Кроме того, так давно уж не был он на народе, не видал никакой суеты, а он любил суету, толчею, только издали, разумеется, — для глаз. И теперь, придя в городок, он не прямо за табаком направился, а на пристань, к которой за день перед тем подошли трехмачтовые баркасы с лесом и желтым камнем для построек…

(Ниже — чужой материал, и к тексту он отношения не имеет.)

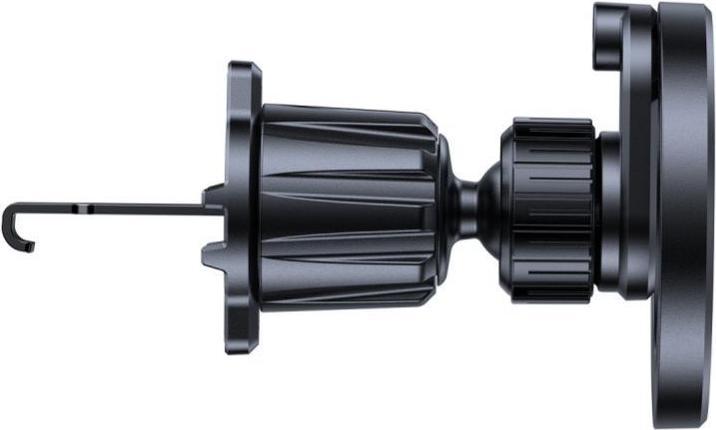 Actual product image Tech-Protect N53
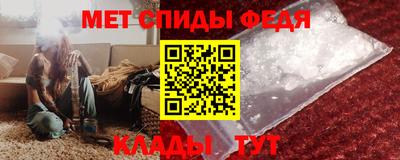 бошки Дубна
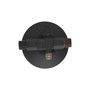Nissens A/C Receiver Drier 95905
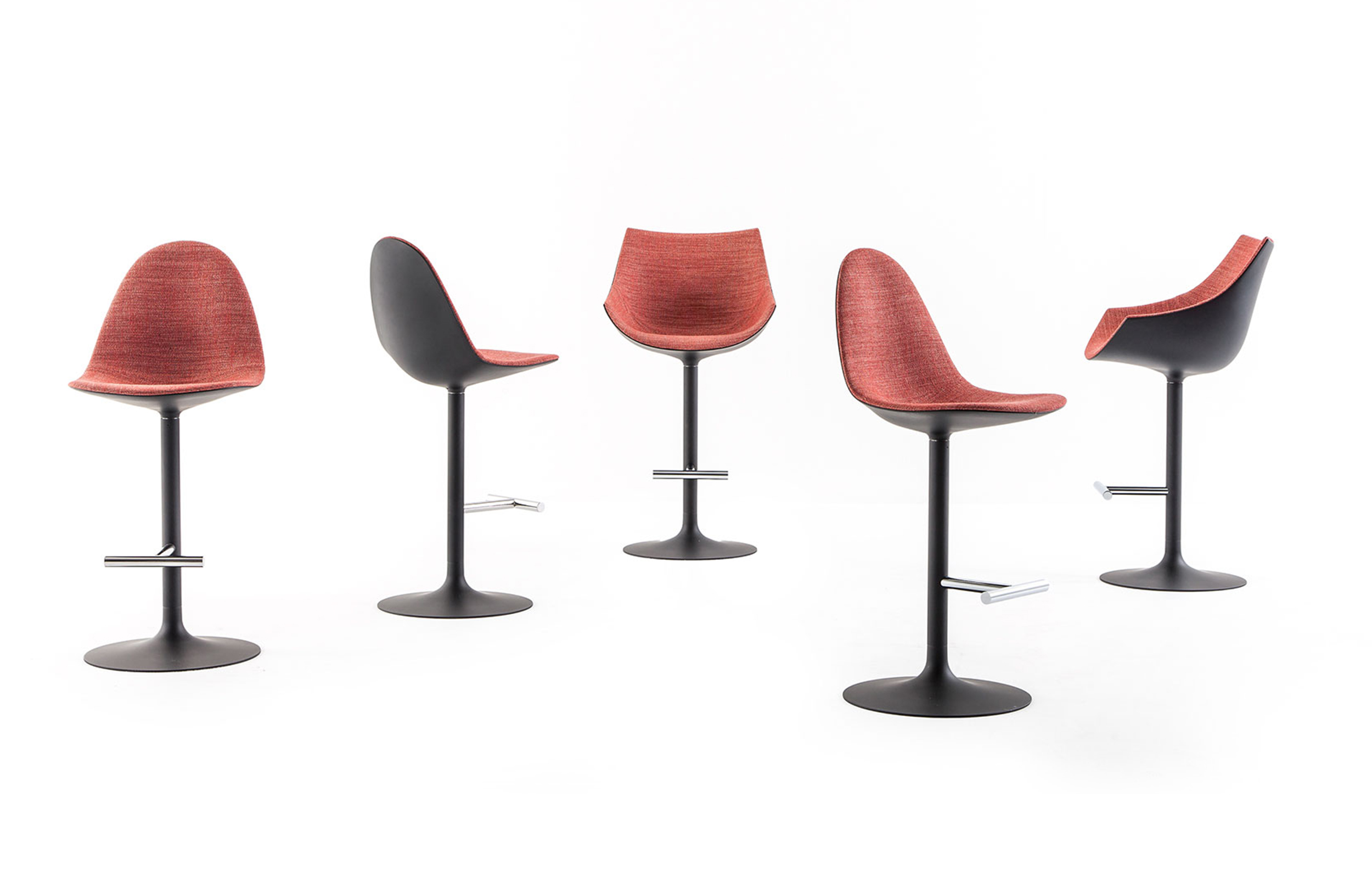 创意安博网页版 - 坐具|吧椅/凳子|办公安博网页版|安博anbo（中国）安博网页版|246/248 激情吧椅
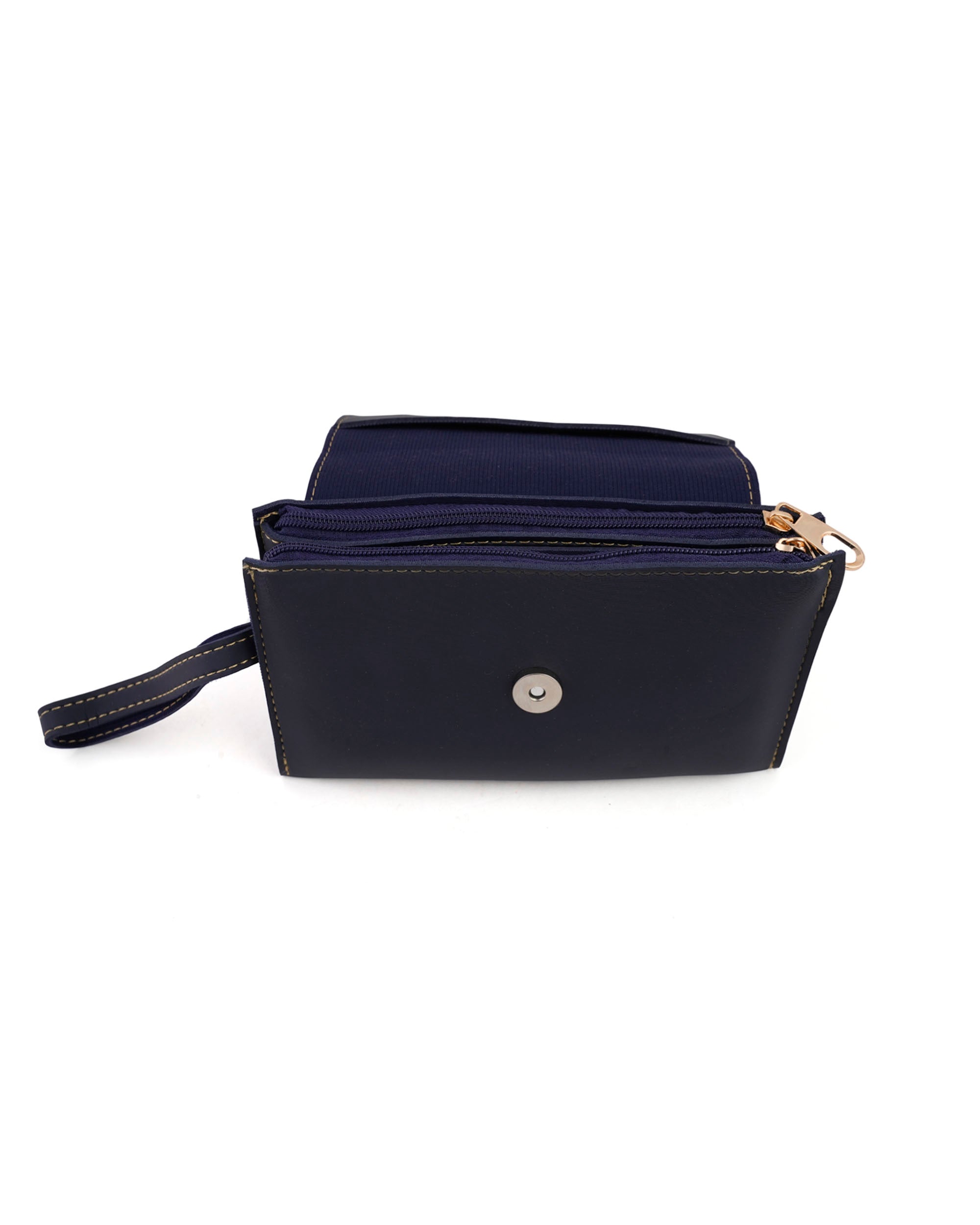 Women’s Clutch, Women Clutches, Chase Value, Chase Value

На пристани, действительно, была суета, но под солнцем все очень ярким, необходимым казалось полковнику, единственным и, главное, умилительно вековечным: бежит ли по зыбким сходням с судна на пристань грузчик с огромным пряничного вида камнем на спине, на подхвате: «Молодец — люблю таких, — гладкий!», — стоит ли выпуклошеий, явно могучий серый, с красными крапинками битюг и одним только перестановом ноги пробует дроги, — много ли ему навалили, и косится назад высокомерным глазом: «Молодец, — люблю таких, — строгий!», — ругается ли кто-нибудь необычайно крепко, на два выноса, — и по-сухопутному и по-морскому, — и это нравилось полковнику: «Молодец, — работа свирепость любит!» Пристань стояла вся на железных широких балках, и сваи эти над самой водой были густо окрашены белилами, киноварью и ультрамарином, отчего у воды, их отражающей, был до того радужный, пестрый вид, что как-то не верилось сразу, что может быть такая вода, такая мелкая, под цветной мрамор, павья вязь; ведь во все эти краски примешивалось еще и небо, и оно их как-то невнятно обмывало, слоило, дробило, обводило пепельными каемками; потом тут же еще плавало жирное и тоже радужное машинное масло, а сквозь воду просвечивало дно, все из разноцветной гальки, и вся эта невыразимая пестрота расчерчивалась вдруг, точно поджигалась снизу сверкавшей, как фосфорная спичка, зеленухой… Бычков на дне тоже было видно: эти таились, как маленькие разбойники, за камнями и елозили осторожно по дну тоже с какими-то, ох, темными, должно быть, целями… А недалеко на берегу, возле лодок, затейный народ — мальчишки пекли на скромненьком огоньке камсу. От моря пахло арбузом, а с берега — паленым, а на набережной гуляла здешняя мастеровщина, — веселая уж, но еще не очень, — прохаживались почтовые со своими барышнями, и весьма был заметен по привычке стоявший у закрытого входа в свой склад извести и алебастра пузатейший и в маленькой шапочке грек Псомияди. В городке, набежавшем с горки, нестерпимо для глаз сверкали окна, и подымалась на самой вышке круглая историческая развалина, вся пестро унизанная голубями, потому что это единственное было место, откуда их никто не гонял. А выше исторической развалины стояли горы, и потом вправо они уходили грядою в море, неясно клубились, как розовый дым, — те самые горы, на которые полковник привык любоваться по вечерам с Перевала.